→ **WORK REQUEST**: Return exactly the lines of the records below, starting at the line that contains "ALLEN BRADLEY 2707-V40P2NR Operatör Arayüzü" and ending at the line that contains "ABYSS Angler T-Shirt (Rückseite)", with both of those lines kept.

→ **PROVIDED INFORMATION**:
+--

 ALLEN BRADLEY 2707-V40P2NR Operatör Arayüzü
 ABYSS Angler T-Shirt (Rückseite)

+--

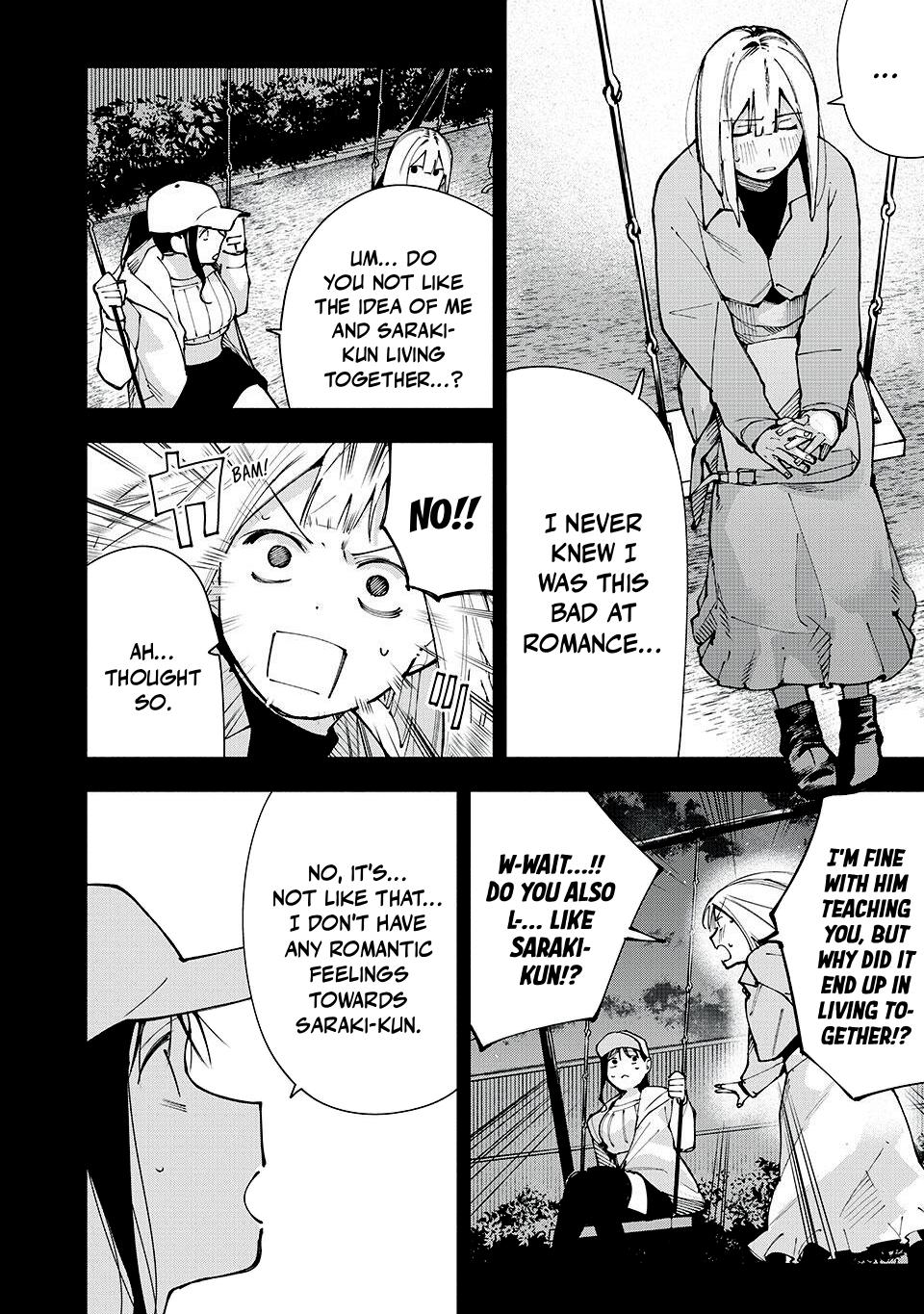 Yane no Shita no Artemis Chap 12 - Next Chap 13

+--

→ **REPLY TO THE TASK**:
 ALLEN BRADLEY 2707-V40P2NR Operatör Arayüzü
 ABYSS Angler T-Shirt (Rückseite)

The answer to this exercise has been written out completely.